Although Clark’s assault case was plea-bargained from a felony to a fourth-degree misdemeanor, the police report of the apparent beating his ex-girlfriend suffered in the hotel room they shared last November contained details vivid enough to convince 31 other teams to pass on him.
Not the Seahawks, who chose Clark because Schneider and Carroll are comfortable in the self-esteem department: They’re sure they know more than other teams and, for that matter, more than the police.
“There’s more than one side to a police report,” Schneider noted Friday, a few hours after six cops in Baltimore were arrested for manslaughter.

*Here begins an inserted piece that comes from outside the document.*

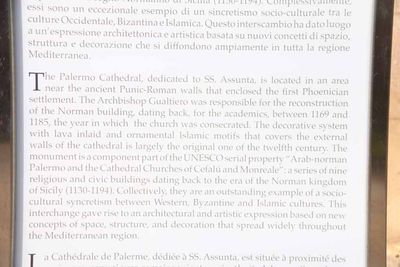 PALERMO CATHEDRAL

Carroll lauded the “thorough job” the Seahawks did during their investigation of Clark’s culpability in the assault. Turns out the coach’s definition of “thorough” might be at odds with a reasonable definition of “thorough.”
The Seattle Times on Tuesday reported that the two hotel guests in the room next to Clark’s — they heard something, or somebody, smashed against a wall, and saw a victim on the floor when the door was opened — never were contacted by anybody from the Seahawks. According to KING-TV, the hotel front-desk employee, who also saw the victim on the floor, wasn’t contacted by the Seahawks, either.
About the issues haunting Clark, which include a 2012 conviction for stealing a laptop from a fellow student’s dormitory room, Carroll insisted: “We really are concerned, of course we are.”
So there’s that.
Schneider and Carroll take justifiable pride in their defiance of conventional wisdom. The 2010 trade with Buffalo for running back Marshawn Lynch — he was sent to the Seahawks in exchange for the pair of mid-round draft picks that turned out to be Chris Hairston and Tank Carder — ranks among the most one-sided deals in NFL history.
Two years later, draft experts all but giggled at how the Seahawks wasted a third-round selection on 5-foot-11 Wisconsin quarterback Russell Wilson, seen as too short to excel at the next level. Wilson was given the keys to the car, beating out ballyhooed free-agent veteran Matt Flynn in summer-camp competition, and the rookie’s quick ascent into a Pro Bowl quarterback validated the perception that Schneider and Carroll are geniuses.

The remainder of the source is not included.